[Extracted entries — start]

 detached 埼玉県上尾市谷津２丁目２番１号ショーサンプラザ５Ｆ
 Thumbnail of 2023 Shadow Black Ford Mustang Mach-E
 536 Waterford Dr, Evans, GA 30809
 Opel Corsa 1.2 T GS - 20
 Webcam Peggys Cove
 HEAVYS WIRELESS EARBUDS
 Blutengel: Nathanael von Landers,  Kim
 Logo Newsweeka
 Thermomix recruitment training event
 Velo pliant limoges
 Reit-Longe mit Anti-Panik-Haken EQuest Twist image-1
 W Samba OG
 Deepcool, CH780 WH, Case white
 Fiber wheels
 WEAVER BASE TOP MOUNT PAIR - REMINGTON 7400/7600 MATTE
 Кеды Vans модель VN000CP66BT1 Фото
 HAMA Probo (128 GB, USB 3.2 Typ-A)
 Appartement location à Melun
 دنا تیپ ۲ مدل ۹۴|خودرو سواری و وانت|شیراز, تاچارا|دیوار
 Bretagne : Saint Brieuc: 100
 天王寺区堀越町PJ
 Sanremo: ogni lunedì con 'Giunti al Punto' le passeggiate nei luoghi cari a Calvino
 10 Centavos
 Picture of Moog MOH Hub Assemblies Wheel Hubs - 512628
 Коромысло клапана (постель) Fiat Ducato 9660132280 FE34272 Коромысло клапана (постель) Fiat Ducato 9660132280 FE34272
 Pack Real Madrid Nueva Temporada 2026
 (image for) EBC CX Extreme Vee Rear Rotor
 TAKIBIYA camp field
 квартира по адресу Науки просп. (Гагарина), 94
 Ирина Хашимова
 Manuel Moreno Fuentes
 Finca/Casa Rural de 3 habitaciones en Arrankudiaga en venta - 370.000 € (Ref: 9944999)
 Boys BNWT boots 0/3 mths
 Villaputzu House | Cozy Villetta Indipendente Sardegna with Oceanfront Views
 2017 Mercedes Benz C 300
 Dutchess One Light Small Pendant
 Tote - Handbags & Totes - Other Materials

[Extracted entries — finish]

- **Your task**: Starting at the line with "Webcam Peggys Cove" and ending at the line with "Appartement location à Melun", print each line of the listing above exactly, with no other lines.

- **Answer for the task**:
 Webcam Peggys Cove
 HEAVYS WIRELESS EARBUDS
 Blutengel: Nathanael von Landers,  Kim
 Logo Newsweeka
 Thermomix recruitment training event
 Velo pliant limoges
 Reit-Longe mit Anti-Panik-Haken EQuest Twist image-1
 W Samba OG
 Deepcool, CH780 WH, Case white
 Fiber wheels
 WEAVER BASE TOP MOUNT PAIR - REMINGTON 7400/7600 MATTE
 Кеды Vans модель VN000CP66BT1 Фото
 HAMA Probo (128 GB, USB 3.2 Typ-A)
 Appartement location à Melun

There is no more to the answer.